Study material →

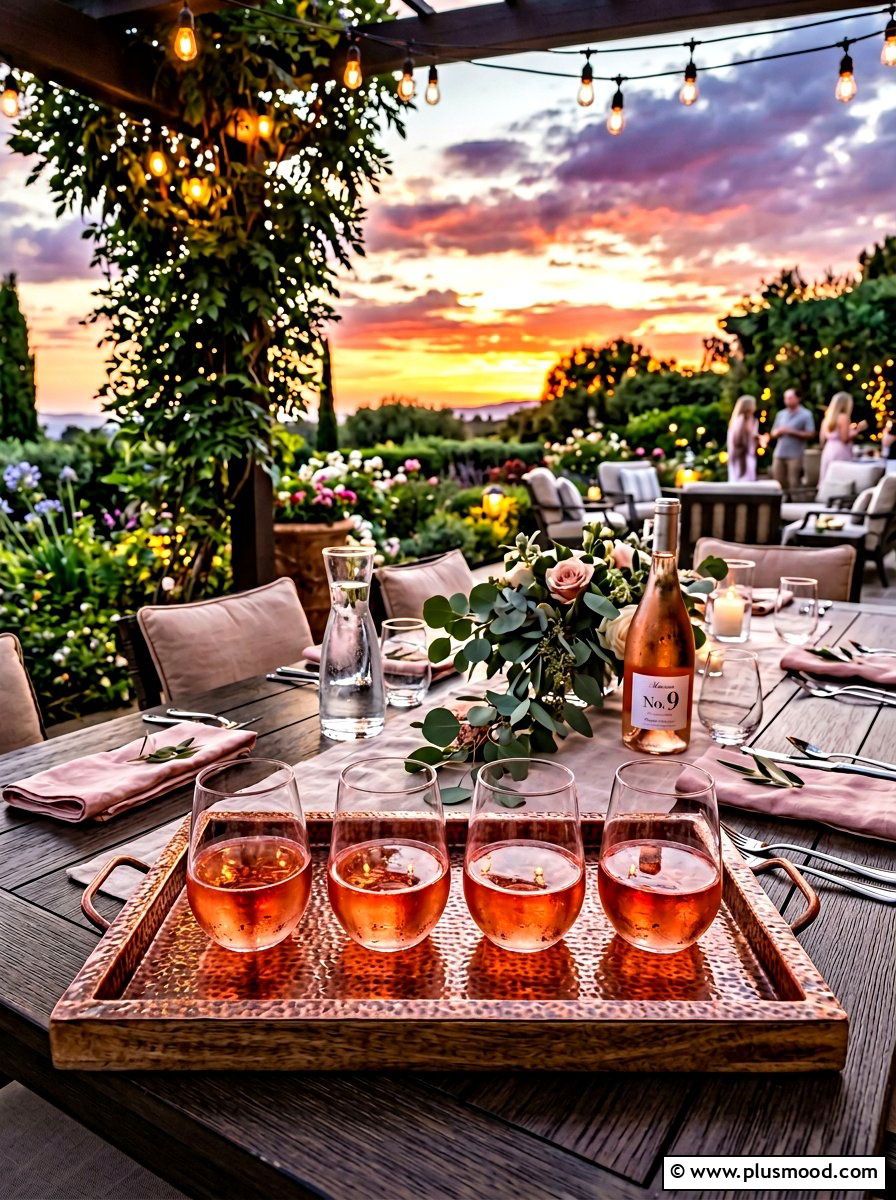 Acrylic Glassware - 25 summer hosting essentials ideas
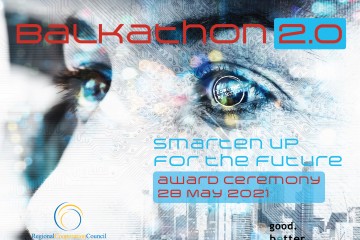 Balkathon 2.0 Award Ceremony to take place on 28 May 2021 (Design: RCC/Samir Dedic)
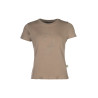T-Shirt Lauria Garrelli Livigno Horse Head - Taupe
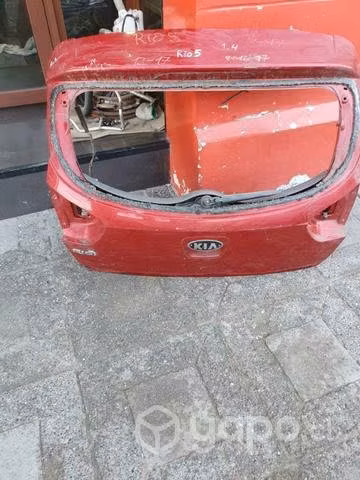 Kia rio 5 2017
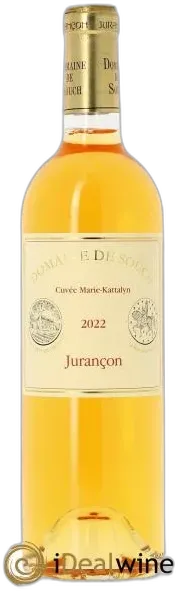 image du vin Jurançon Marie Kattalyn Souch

What the exercise asks → Write out the whole listing exactly as it appears, and omit the pictures.

Task answer →
 Acrylic Glassware - 25 summer hosting essentials ideas
 Balkathon 2.0 Award Ceremony to take place on 28 May 2021 (Design: RCC/Samir Dedic)
T-Shirt Lauria Garrelli Livigno Horse Head - Taupe
 Kia rio 5 2017
 image du vin Jurançon Marie Kattalyn Souch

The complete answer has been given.